HIDUPKATOLIK.COM – MENJADI orangtua tidak ada sekolahnya. Apalagi menjadi orangtua Kristen. Mengenang cara saya mengajarkan tentang Tuhan kepada anak-anak saya, saya tidak yakin bahwa saya telah melakukannya dengan benar. Saya tidak ingat di bagian mana saya mengajarkan hal-hal baik kepada anak saya. Mungkin karena saya bukan tipe orang yang suka bicara, sehingga saya tidak yakin apakah selama ini saya sudah mengajarkan hal-hal yang benar.
Yang saya ingat adalah bahwa saya sangat ingin mengenalkan tentang Tuhan sejak dini. Sehingga walaupun anak sulung saya belum bisa berjalan dengan lancar, umurnya belum dua tahun, saya sudah membawanya ke Sekolah Minggu. Karena dia belum bisa berjalan dengan lancar, saya ikut duduk di kelasnya, menemani.

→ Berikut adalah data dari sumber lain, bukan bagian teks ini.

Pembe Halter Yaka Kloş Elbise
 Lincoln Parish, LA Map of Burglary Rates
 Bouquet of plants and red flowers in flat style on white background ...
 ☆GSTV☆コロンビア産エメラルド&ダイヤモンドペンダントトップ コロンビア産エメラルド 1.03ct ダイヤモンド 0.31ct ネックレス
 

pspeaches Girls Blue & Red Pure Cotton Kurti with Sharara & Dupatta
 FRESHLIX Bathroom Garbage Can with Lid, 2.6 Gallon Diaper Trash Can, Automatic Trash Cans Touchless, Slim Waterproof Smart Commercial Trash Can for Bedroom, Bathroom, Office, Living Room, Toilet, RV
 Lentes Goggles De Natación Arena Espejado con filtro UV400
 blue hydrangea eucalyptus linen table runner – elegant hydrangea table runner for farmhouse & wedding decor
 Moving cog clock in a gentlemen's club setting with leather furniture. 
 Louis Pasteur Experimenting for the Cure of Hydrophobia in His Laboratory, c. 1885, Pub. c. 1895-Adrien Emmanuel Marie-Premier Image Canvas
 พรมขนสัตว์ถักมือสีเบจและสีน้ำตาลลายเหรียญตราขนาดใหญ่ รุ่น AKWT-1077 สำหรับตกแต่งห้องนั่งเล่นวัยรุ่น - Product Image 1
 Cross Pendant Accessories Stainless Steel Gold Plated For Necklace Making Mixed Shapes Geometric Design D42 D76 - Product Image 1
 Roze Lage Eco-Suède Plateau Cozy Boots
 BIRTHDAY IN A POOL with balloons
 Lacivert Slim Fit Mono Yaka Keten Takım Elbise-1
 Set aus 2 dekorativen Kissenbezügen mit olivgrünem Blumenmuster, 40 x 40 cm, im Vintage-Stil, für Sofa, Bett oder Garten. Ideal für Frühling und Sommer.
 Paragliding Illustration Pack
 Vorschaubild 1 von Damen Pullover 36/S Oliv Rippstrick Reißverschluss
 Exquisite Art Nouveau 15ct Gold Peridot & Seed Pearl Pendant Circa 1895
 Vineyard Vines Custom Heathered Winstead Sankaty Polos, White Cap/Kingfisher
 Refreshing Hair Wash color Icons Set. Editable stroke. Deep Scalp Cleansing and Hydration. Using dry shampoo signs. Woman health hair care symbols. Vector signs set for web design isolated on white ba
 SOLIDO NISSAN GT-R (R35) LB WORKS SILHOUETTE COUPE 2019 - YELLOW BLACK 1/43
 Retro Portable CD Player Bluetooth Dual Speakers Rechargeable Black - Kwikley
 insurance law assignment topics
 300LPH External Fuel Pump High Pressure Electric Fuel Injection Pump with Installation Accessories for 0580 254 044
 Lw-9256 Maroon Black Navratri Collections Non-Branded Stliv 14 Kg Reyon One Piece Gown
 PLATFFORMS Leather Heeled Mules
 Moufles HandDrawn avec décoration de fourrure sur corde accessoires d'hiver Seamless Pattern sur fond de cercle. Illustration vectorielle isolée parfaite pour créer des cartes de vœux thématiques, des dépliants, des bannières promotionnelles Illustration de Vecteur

Saya juga membelikan dan membacakannya Alkitab bergambar untuk balita. Saya membacakannya berulang-ulang. Dia sangat suka kisah tentang Samuel. Mungkin karena di bagian itu, ada bagian yang diulang-ulang, yaitu ketika Samuel dipanggil oleh Tuhan berulang-ulang. Kadang-kadang saya menceritakan juga kisah-kisah lain di luar buku itu. Hingga suatu kali , ketika dia berumur sekitar empat tahun, di suatu malam dia menangis ketakutan tanpa dia bisa menjelaskan kenapa hari itu dia takut. Malam itu saya membacakannya cerita tentang Elisa dan bujangnya dari 2 Raja-raja 6 yang pada waktu itu bujangnya dibukakan matanya untuk melihat malaikat-malaikat Tuhan di sekitar mereka yang siap melindungi mereka. Saya tekankan padanya, jangan takut. Karena walaupun kita tidak bisa melihat mereka, tetapi malaikat-malaikat itu ada di sekeliling kita. Kemudian anak saya bisa tenang.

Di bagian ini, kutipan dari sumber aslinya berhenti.